The Battle of the Argenta Gap was an engagement which formed part of the Allied spring 1945 offensive during the Italian campaign in the final stages of the Second World War. It took place in northern Italy from 12 to 19 April 1945 between troops of British V Corps commanded by Lieutenant-General Charles Keightley and German units of LXXVI Panzer Corps commanded by Lieutenant General (General der Panzertruppe) Gerhard von Schwerin.

Background

The Allied invasion of Italy occurred during September 1943, for a number of key reasons not least important of which was that support for the war in Italy had been declining and it was thought that an invasion would hasten the efforts of the new government that had deposed Benito Mussolini, which was seeking peace. Furthermore, the weakening of Axis control of the Mediterranean supply routes eased the pressure on Allied forces operating in the Middle and Far East, as well as on the efforts to supply to Soviet Union.

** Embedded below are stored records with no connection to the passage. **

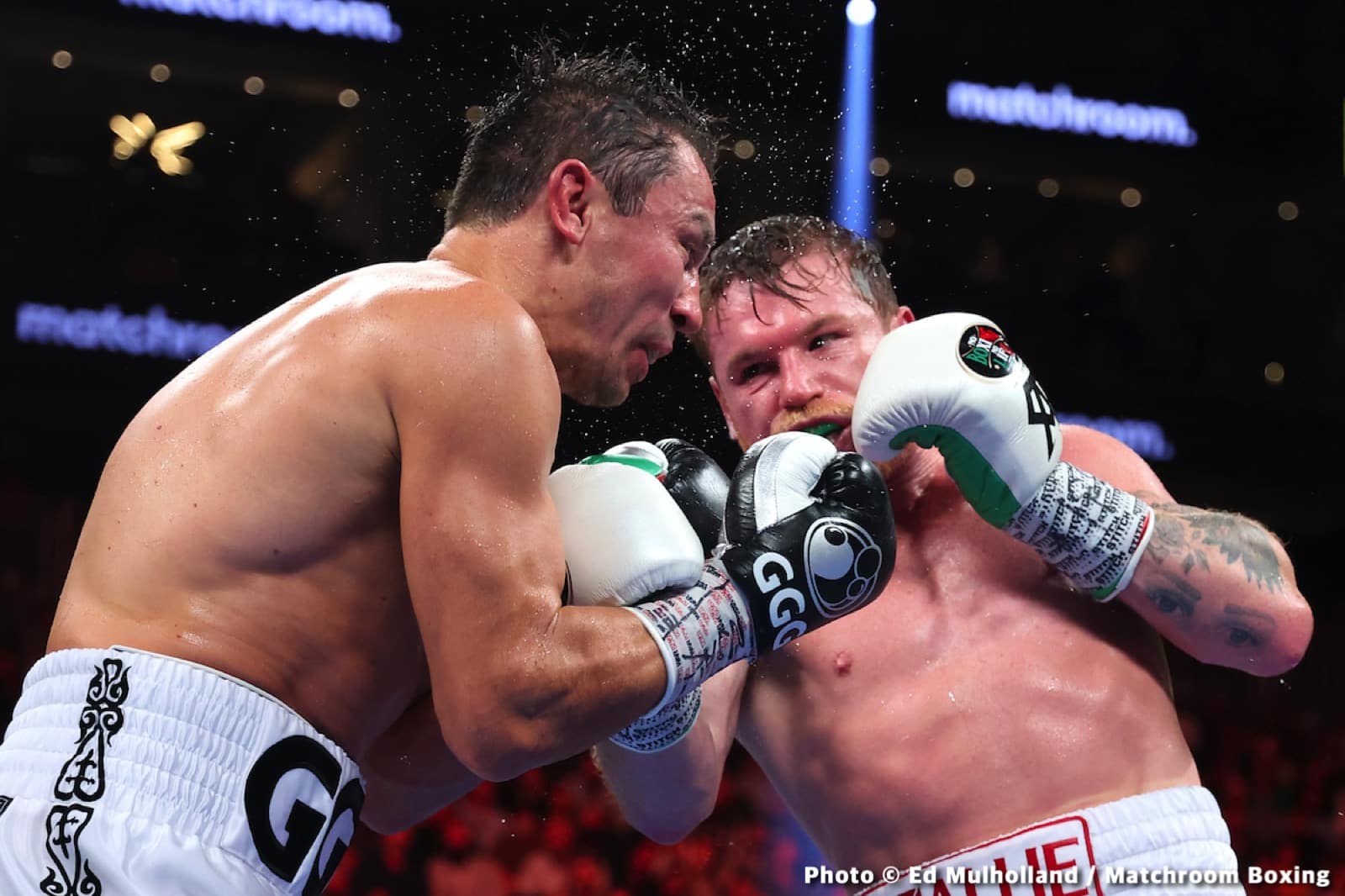 Abel Sanchez critiques Gennadiy Golovkin's performance against Canelo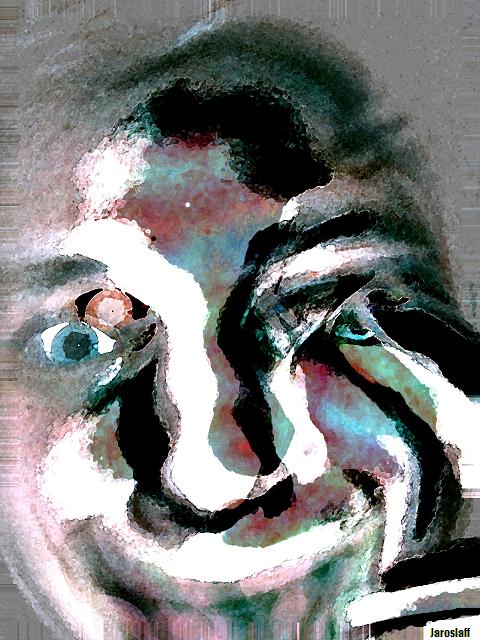 funny face...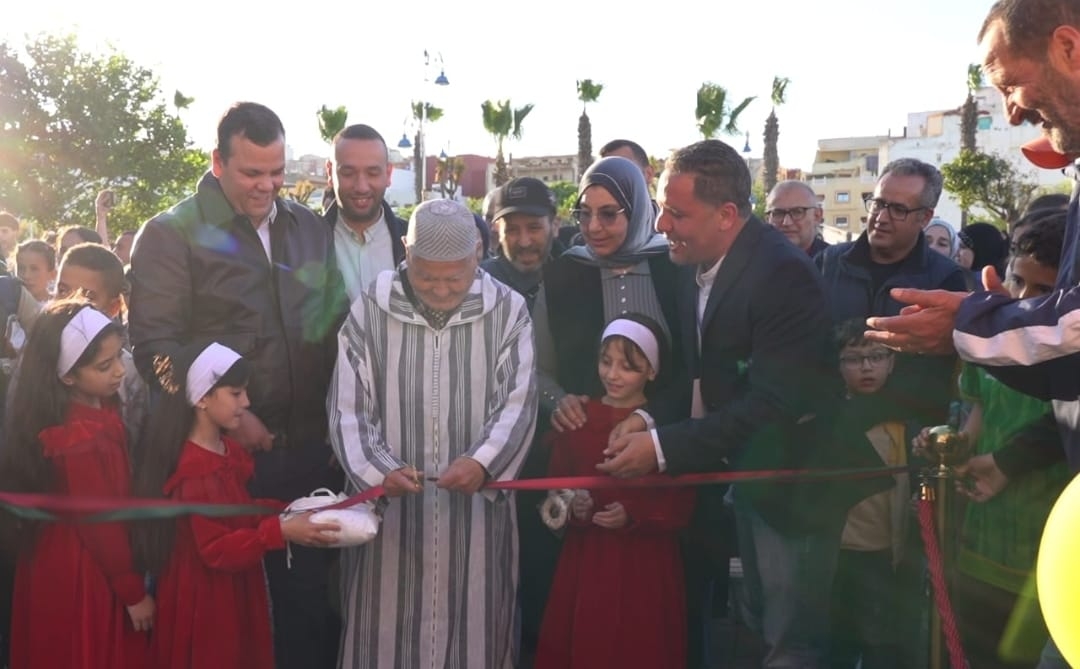 مهرجان ربيع الطفل يحتفي بالمبادرة الوطنية للتنمية البشرية بالفنيدق.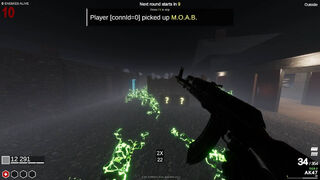Скриншот 7 к игре Realm of the Undead
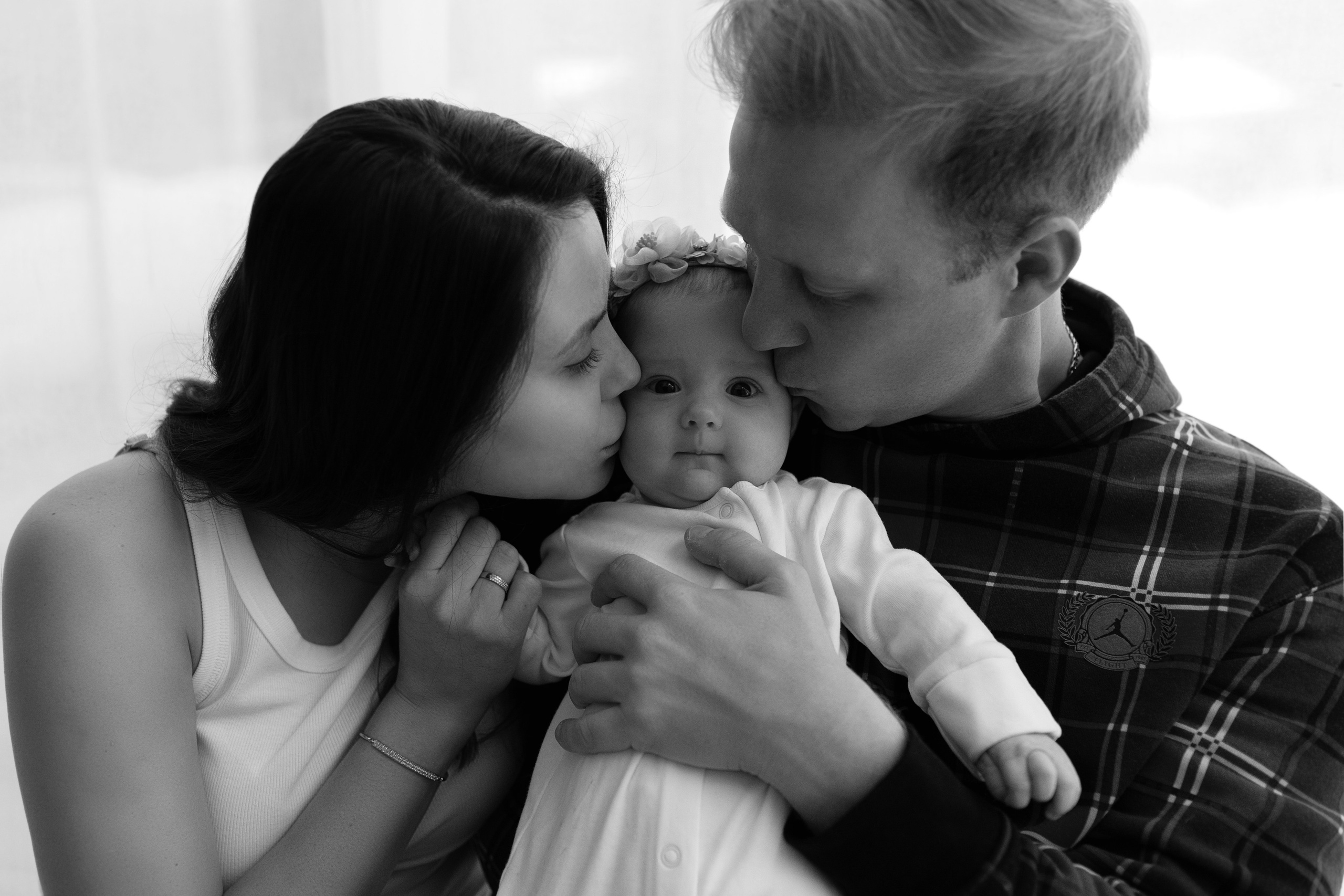 Фотосессия Lifestyle. Фотограф newborn (новорожденных) в Санкт-Петербурге Алена Алексеева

Operation Husky – the invasion of Sicily in July 1943 – was successful, serving as a springboard for the invasion of the mainland. In September, the first Allied troops to land in Italy were of the British Eighth Army under the then General Bernard Montgomery, in Operation Baytown. Further landings on 9 September 1943 saw the main attack force landing, despite the Italian surrender to the Allied forces on the previous day. After securing the beachheads, the U.S. Fifth Army began its advance northwards.

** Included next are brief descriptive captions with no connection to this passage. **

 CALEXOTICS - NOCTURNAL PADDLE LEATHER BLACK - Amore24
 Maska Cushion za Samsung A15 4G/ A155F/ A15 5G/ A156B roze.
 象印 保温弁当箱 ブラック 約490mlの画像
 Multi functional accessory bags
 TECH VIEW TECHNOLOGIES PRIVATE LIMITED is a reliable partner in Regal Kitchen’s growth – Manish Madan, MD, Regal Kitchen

By the winter of 1944–45 the Allied armies had penetrated the main defences of the Gothic Line but had failed to break out into the Po river valley. A new major offensive was planned for the spring of 1945, when improving weather would allow the Allies to take advantage of their superior airpower and armoured and motorized ground forces.

Order of battle
Formations and units involved in the battle:
 15th Army Group – Lieutenant General Mark Clark
 British Eighth Army – Lieutenant-General Richard McCreery
 British V Corps – Lieutenant-General Charles Keightley
 56th (London) Infantry Division – Major-General John Y. Whitfield
 24th Guards Brigade
 167th (London) Infantry Brigade
 169th (London) Infantry Brigade
 2nd Commando Brigade (under command)
 9th Armoured Brigade(under command)
 78th Infantry Division – Major-General Keith Arbuthnott
 11th Infantry Brigade
 36th Infantry Brigade
 38th (Irish) Infantry Brigade
 2nd Armoured Brigade (under command)
 German Army Group C – General (Generaloberst) Heinrich von Vietinghoff
 German Tenth Army – Lieutenant-General (General der Panzertruppe) Traugott Herr
 LXXVI Panzer Corps – Lieutenant-General (General der Panzertruppe) Gerhard von Schwerin
 162nd (Turkestan) Infantry Division – Major-General (Generalleutnant) Ralph von Heygendorff
 42nd Jäger Division – Major-General (Generalleutnant) Walter Jost
 362nd Infantry Division – Brigadier-General (Generalmajor) Alois Weber
 In Army reserve
 29th Panzergrenadier Division – Major-General (Generalleutnant) Fritz Polack

Prelude

As a preliminary to the main operation, a commando assault (Operation Roast) was launched across Lake Comacchio on 1 April to secure the right flank of the Eighth Army for the coming battle to seize "the Spit", the narrow isthmus between the eastern shore of Lake Comacchio and the Adriatic Sea. This would secure the eastern flank of the Eighth Army and also allow trials to be carried out in secret of the suitability of using newly arrived LVT tracked landing craft for subsequent larger operations in the muddy and difficult conditions of Lake Comacchio. The operation was successful, although the LVTs failed dismally, becoming hopelessly bogged down. It was in this raid that Corporal Thomas Peck Hunter of 43 Commando posthumously received the Victoria Cross for his actions. Two nights later further actions by the Special Boat Service (SBS) supported by Italian Partisans of the 28th Garibaldi Brigade captured islands in the middle of the lake. Danish national, Major Anders Lassen a patrol commander of the Special Boat Service (SBS) was killed in a subsequent fighting reconnaissance and was awarded a Victoria Cross posthumously.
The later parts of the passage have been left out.